● **Saved data entries**
----
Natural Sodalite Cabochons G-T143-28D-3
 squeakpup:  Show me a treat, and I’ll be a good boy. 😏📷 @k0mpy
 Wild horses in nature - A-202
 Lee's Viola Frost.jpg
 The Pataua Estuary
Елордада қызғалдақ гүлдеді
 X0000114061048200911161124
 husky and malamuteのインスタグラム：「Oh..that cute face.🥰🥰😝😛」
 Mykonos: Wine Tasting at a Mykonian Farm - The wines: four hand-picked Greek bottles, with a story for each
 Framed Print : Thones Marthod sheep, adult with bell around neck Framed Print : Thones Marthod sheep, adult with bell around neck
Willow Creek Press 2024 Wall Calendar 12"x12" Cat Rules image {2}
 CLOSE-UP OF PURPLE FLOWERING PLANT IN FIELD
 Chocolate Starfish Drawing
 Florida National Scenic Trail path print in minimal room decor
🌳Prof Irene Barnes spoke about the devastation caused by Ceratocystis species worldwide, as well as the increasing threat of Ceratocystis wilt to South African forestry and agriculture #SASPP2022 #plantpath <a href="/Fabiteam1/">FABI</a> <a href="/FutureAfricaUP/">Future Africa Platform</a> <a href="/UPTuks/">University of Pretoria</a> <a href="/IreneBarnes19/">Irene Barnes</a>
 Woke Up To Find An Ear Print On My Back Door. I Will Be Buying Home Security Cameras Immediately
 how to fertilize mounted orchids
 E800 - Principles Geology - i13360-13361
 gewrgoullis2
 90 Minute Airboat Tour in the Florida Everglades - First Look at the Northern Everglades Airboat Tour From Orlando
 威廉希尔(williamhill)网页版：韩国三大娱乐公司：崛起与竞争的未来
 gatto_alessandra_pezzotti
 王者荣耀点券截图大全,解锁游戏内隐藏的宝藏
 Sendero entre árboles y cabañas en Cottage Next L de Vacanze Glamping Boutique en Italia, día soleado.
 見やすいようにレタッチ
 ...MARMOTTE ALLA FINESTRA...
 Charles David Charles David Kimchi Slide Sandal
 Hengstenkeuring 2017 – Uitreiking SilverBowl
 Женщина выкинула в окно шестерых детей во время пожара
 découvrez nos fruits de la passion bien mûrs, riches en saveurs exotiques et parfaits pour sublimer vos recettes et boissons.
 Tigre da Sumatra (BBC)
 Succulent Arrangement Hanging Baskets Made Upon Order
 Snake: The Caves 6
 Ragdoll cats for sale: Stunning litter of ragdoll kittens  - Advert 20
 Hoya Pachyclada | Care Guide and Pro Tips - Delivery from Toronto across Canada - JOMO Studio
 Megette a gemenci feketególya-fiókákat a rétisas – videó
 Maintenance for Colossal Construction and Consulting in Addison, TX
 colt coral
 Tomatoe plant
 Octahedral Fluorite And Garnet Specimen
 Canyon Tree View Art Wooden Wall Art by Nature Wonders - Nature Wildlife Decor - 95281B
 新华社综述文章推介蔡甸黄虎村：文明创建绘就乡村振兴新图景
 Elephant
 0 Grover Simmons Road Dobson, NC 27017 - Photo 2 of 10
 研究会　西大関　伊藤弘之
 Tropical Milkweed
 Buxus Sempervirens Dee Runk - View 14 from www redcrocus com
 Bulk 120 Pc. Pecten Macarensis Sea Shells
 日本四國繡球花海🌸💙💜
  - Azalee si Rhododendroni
----
Nothing should appear in the answer except the lines above from the line with "gewrgoullis2" through the line with "Женщина выкинула в", both included, written out exactly.

 gewrgoullis2
 90 Minute Airboat Tour in the Florida Everglades - First Look at the Northern Everglades Airboat Tour From Orlando
 威廉希尔(williamhill)网页版：韩国三大娱乐公司：崛起与竞争的未来
 gatto_alessandra_pezzotti
 王者荣耀点券截图大全,解锁游戏内隐藏的宝藏
 Sendero entre árboles y cabañas en Cottage Next L de Vacanze Glamping Boutique en Italia, día soleado.
 見やすいようにレタッチ
 ...MARMOTTE ALLA FINESTRA...
 Charles David Charles David Kimchi Slide Sandal
 Hengstenkeuring 2017 – Uitreiking SilverBowl
 Женщина выкинула в окно шестерых детей во время пожара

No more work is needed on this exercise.